PROBLEM TO SOLVE :: Please write out the whole listing that follows exactly; the pictures stay out.

* * * *

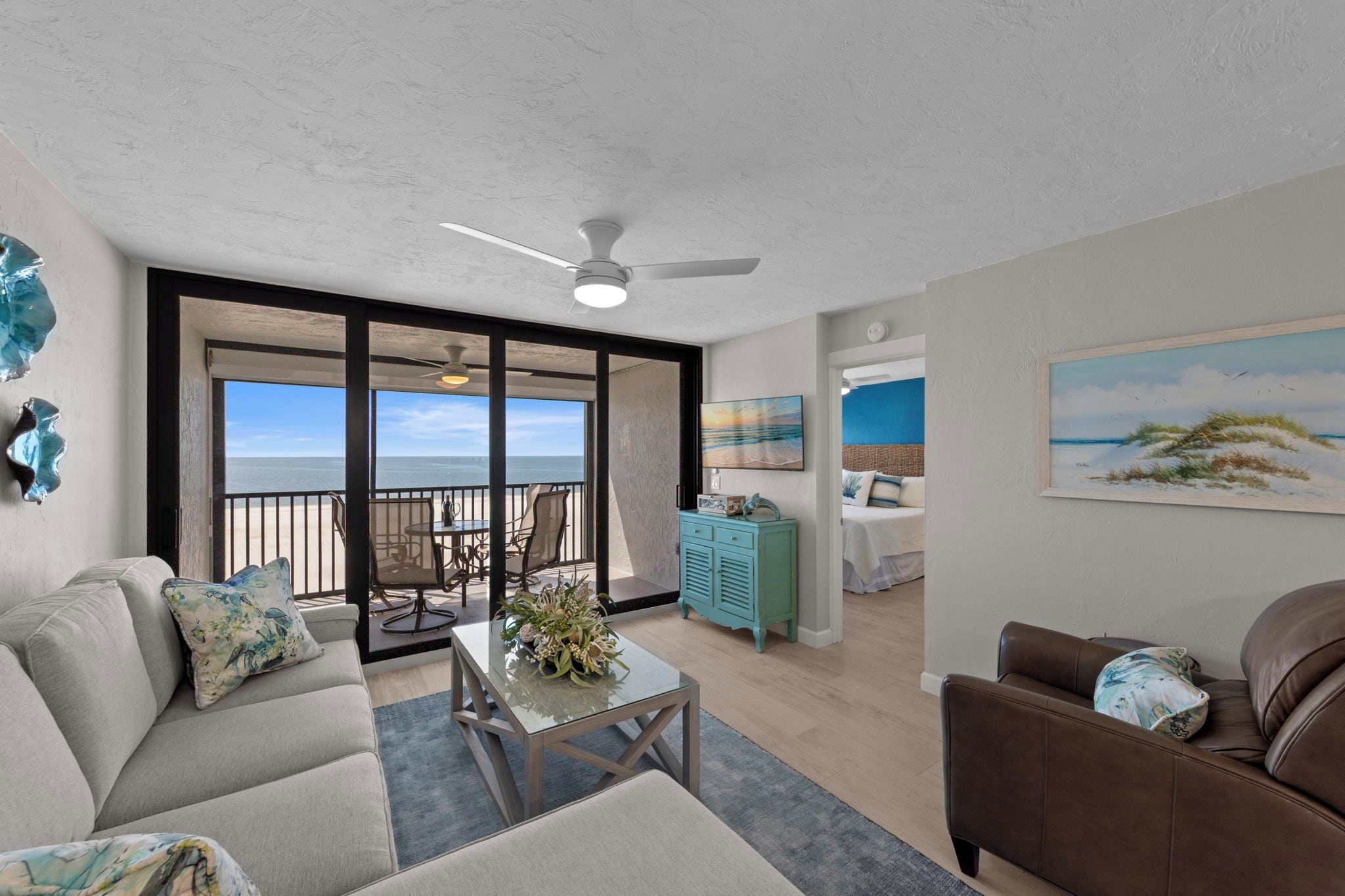 A spacious living area with a balcony overlooking the sea, a ceiling fan, and a dining table with chairs.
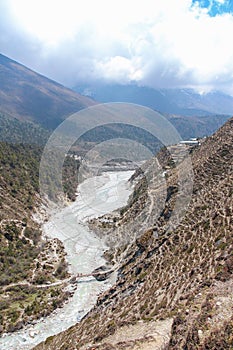 Mountain valley with flowing river in Himalayas photo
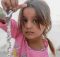 On 15 November, a young girl from Mosul takes water from a tap stand at a UNICEF-supported Temporary Learning Space in Hassan Sham Displacement Camp, Ninewa Governorate. “I like it here because we’ve been out of school for two years,” she said. Photo: UNICEF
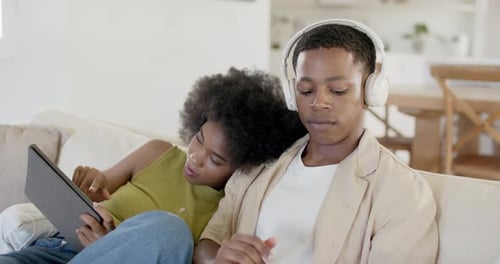 African American couple sitting on sofa she tapping tablet urging man fitting headset testing audio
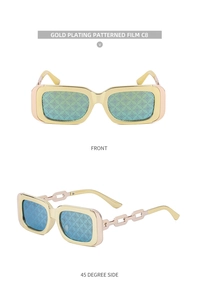 Close-up of gold rectangle sunglasses with chain temples and patterned lenses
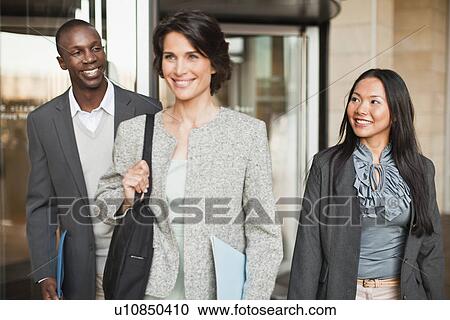Stock Image - Business people walking outside building. Fotosearch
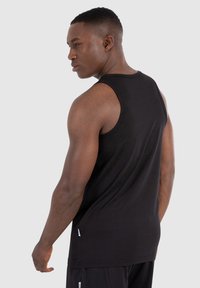 Schwarzes ärmelloses Tanktop aus Baumwolle. Verfügt über einen runden Ausschnitt, einen lockeren Schnitt und seitliche Akzent-Tags. Glatte Textur, minimalistisches Design.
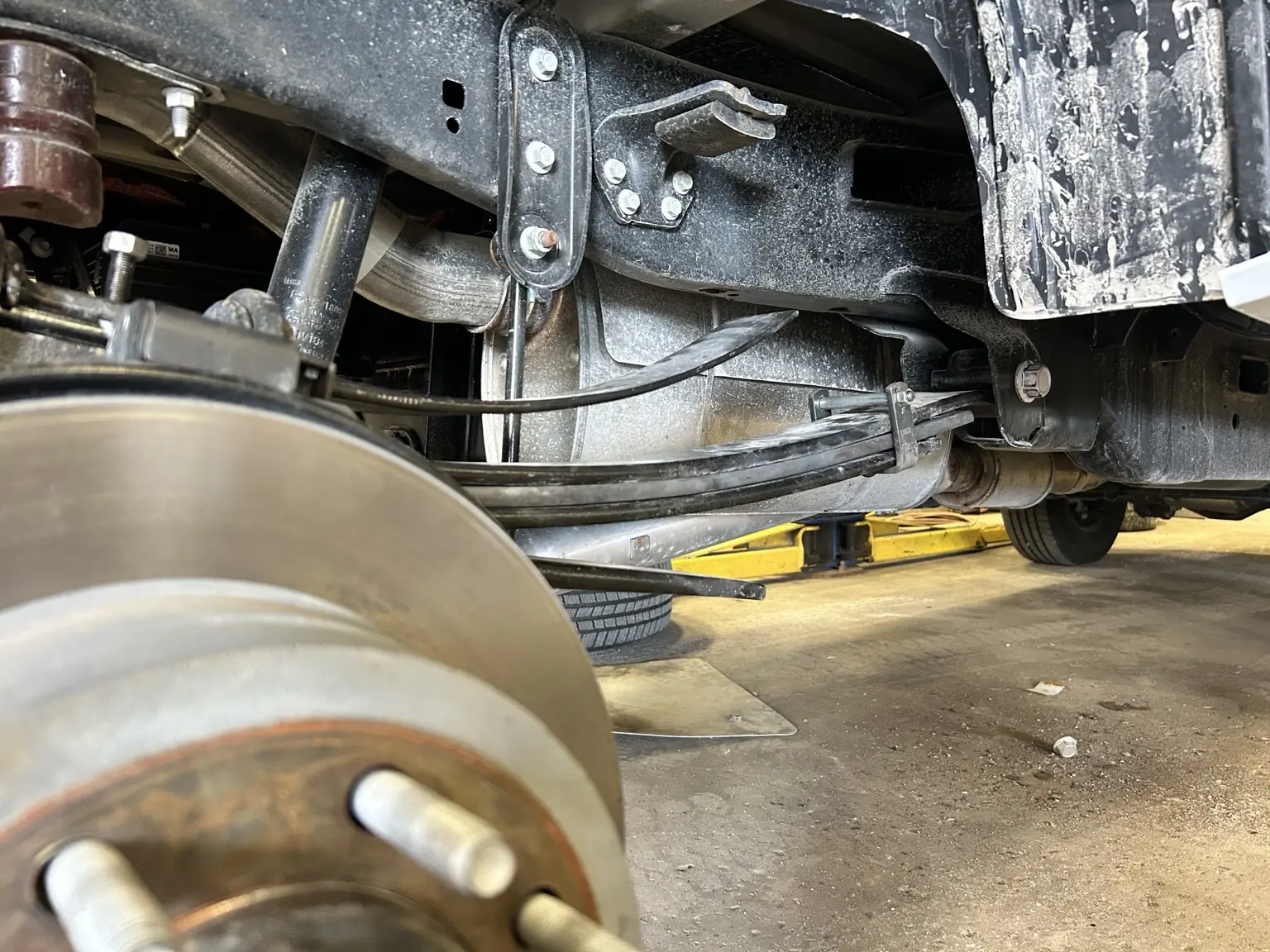 Leaf spring, shackle and shock assembly exposed for inspection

* * * *

EXERCISE RESPONSE ::
 A spacious living area with a balcony overlooking the sea, a ceiling fan, and a dining table with chairs.
 Mountain valley with flowing river in Himalayas photo
 On 15 November, a young girl from Mosul takes water from a tap stand at a UNICEF-supported Temporary Learning Space in Hassan Sham Displacement Camp, Ninewa Governorate. “I like it here because we’ve been out of school for two years,” she said. Photo: UNICEF
 African American couple sitting on sofa she tapping tablet urging man fitting headset testing audio
 Close-up of gold rectangle sunglasses with chain temples and patterned lenses
Stock Image - Business people walking outside building. Fotosearch
 Schwarzes ärmelloses Tanktop aus Baumwolle. Verfügt über einen runden Ausschnitt, einen lockeren Schnitt und seitliche Akzent-Tags. Glatte Textur, minimalistisches Design.
 Leaf spring, shackle and shock assembly exposed for inspection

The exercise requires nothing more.